Aim of the exercise :: Print all the records below exactly as they stand, but leave out the pictures.

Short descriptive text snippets
════════════════

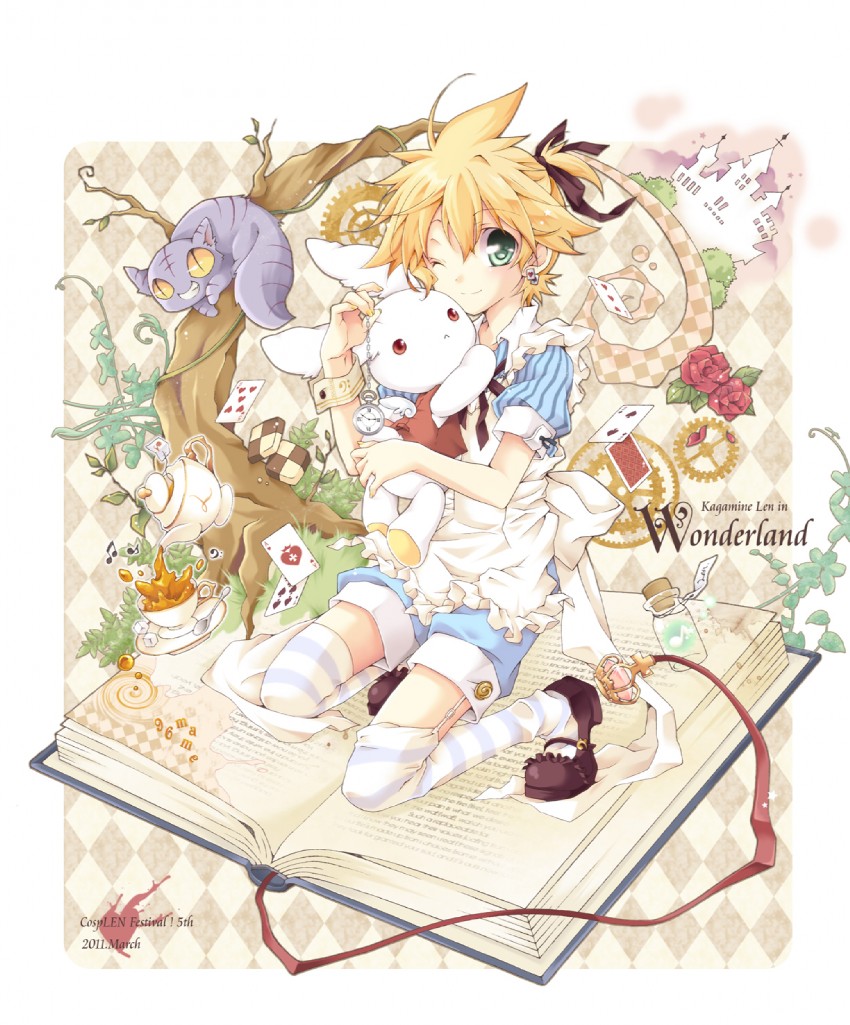 kagamine len, alice, and cheshire cat (vocaloid and 1 more) drawn by 96mame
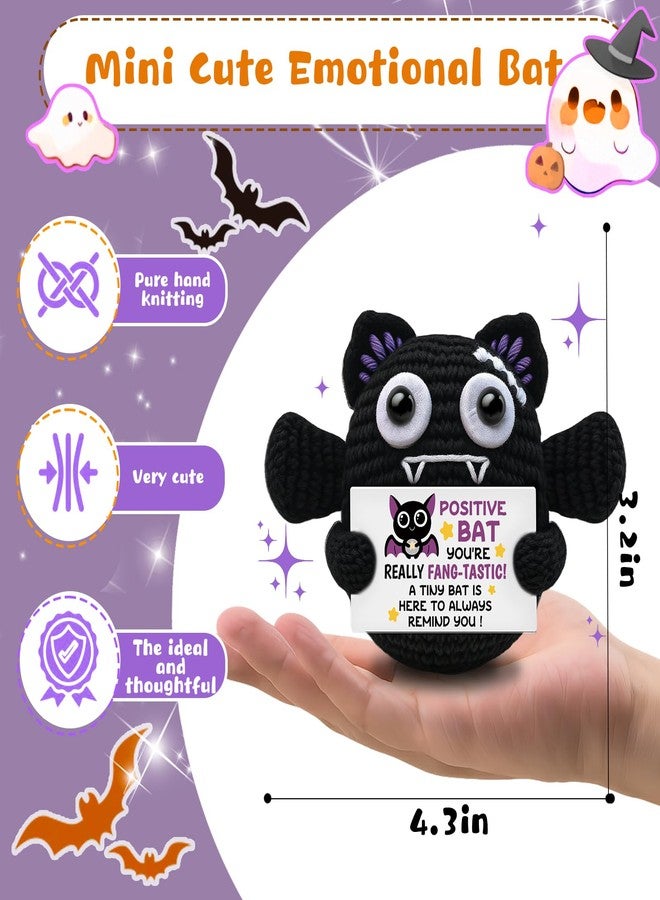 AICHPVOY Handmade Positive Crochet Bat Doll Birthday Gifts for Women Men Friends Couples Unique Gifts for Her Him Inspirational Cute Desk Emotional Crochet Room Decor for Women - Image 3
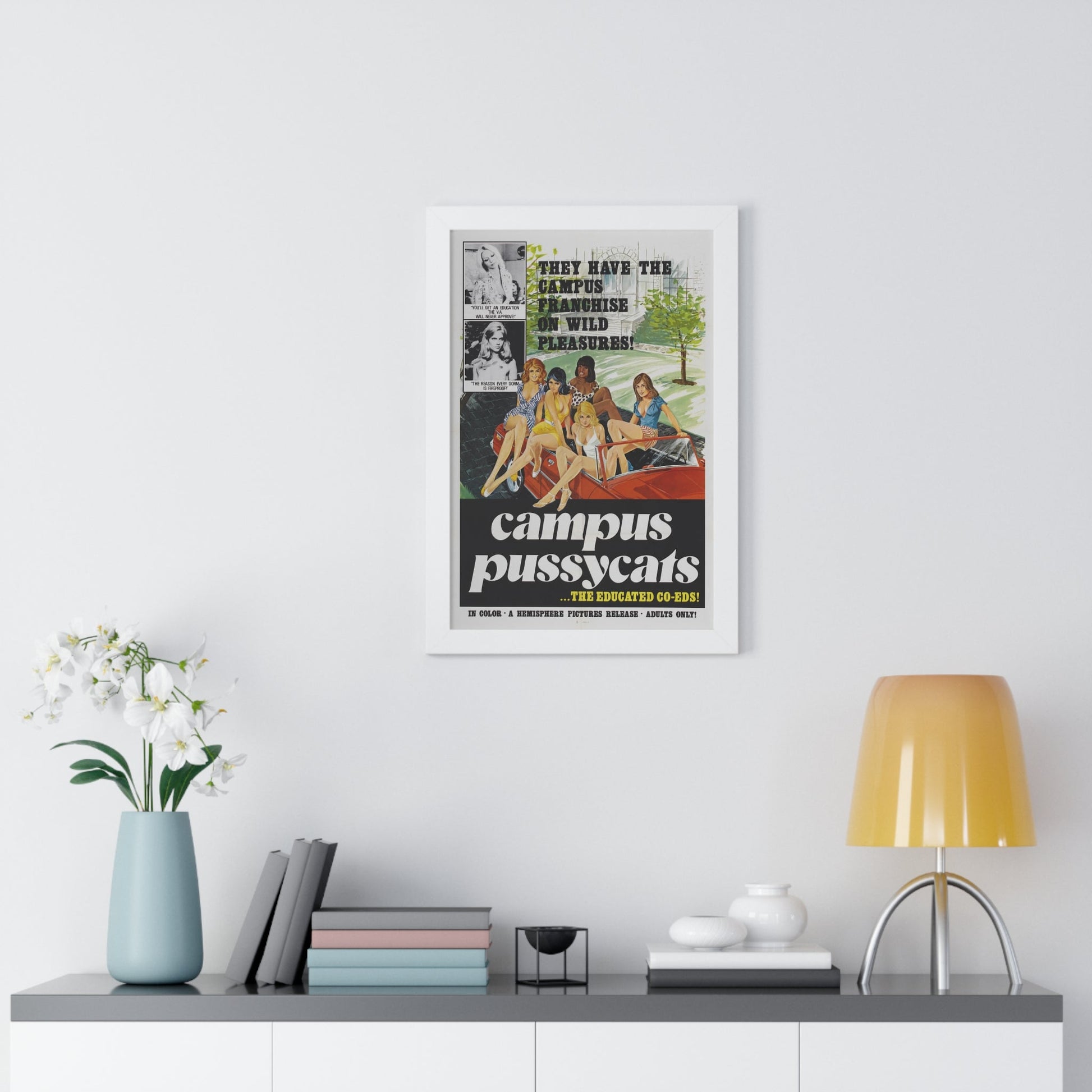 CAMPUS PUSSYCATS 1973 - Framed Movie Poster-The Sticker Space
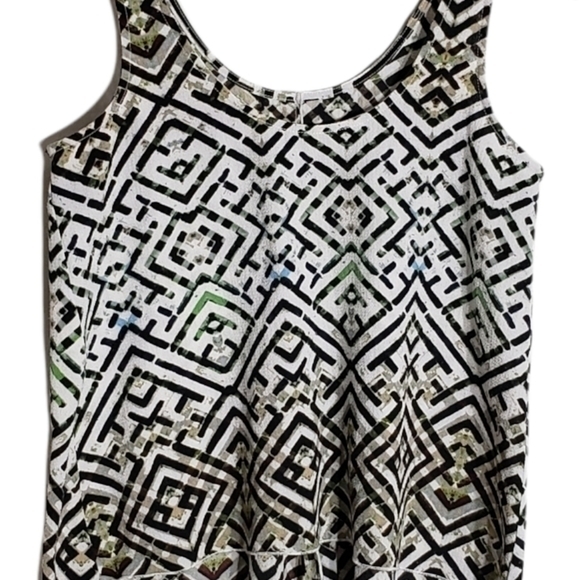 RACHEL ROY Tribal pattern tank top black white XS - Picture 2 of 7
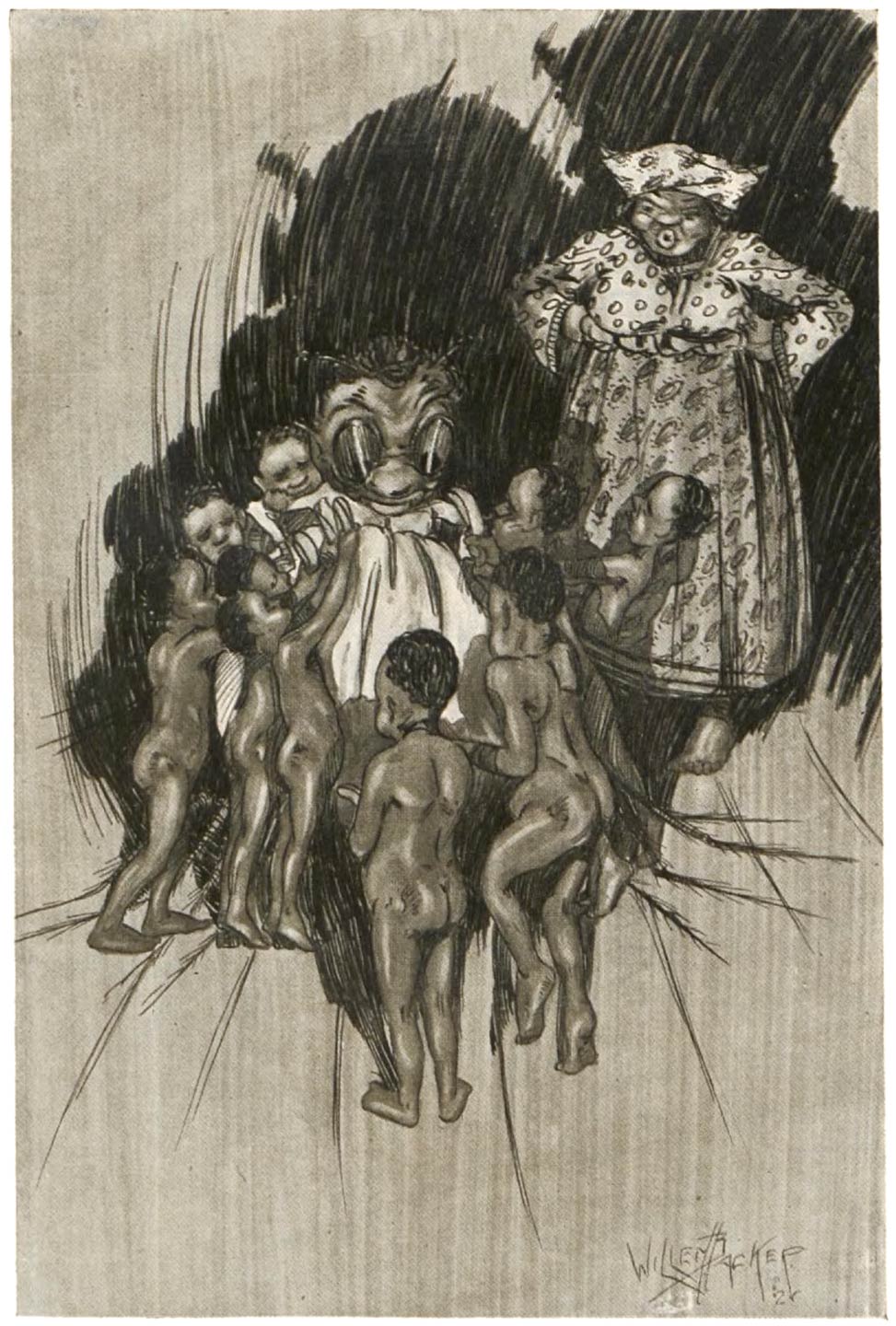 ging tusschen zijn kinderen staan en vroeg: ...—Zie blz. 276.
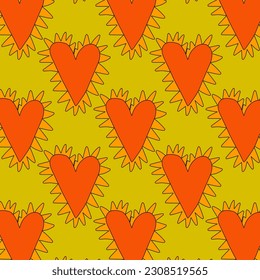 retro psychedelic patterns-hearts and valentines for February 14th.Funky and groovy heart shapes ornaments.Hippie rainbow backgrounds only good vibes.valentine's day 1970-1980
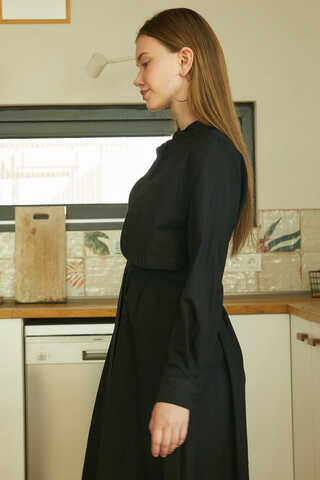 Asymmetric Buttoned Dress Black - 7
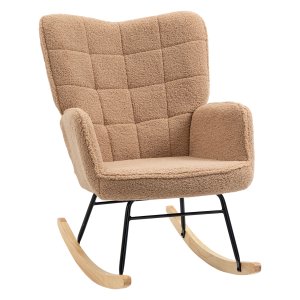 Schommelstoel - Relaxmeubel - Schommelzitting - Imitatie lamsvacht - Bruin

════════════════

Answer box ::
 kagamine len, alice, and cheshire cat (vocaloid and 1 more) drawn by 96mame
 AICHPVOY Handmade Positive Crochet Bat Doll Birthday Gifts for Women Men Friends Couples Unique Gifts for Her Him Inspirational Cute Desk Emotional Crochet Room Decor for Women - Image 3
 CAMPUS PUSSYCATS 1973 - Framed Movie Poster-The Sticker Space
 RACHEL ROY Tribal pattern tank top black white XS - Picture 2 of 7
 ging tusschen zijn kinderen staan en vroeg: ...—Zie blz. 276.
 retro psychedelic patterns-hearts and valentines for February 14th.Funky and groovy heart shapes ornaments.Hippie rainbow backgrounds only good vibes.valentine's day 1970-1980
 Asymmetric Buttoned Dress Black - 7
 Schommelstoel - Relaxmeubel - Schommelzitting - Imitatie lamsvacht - Bruin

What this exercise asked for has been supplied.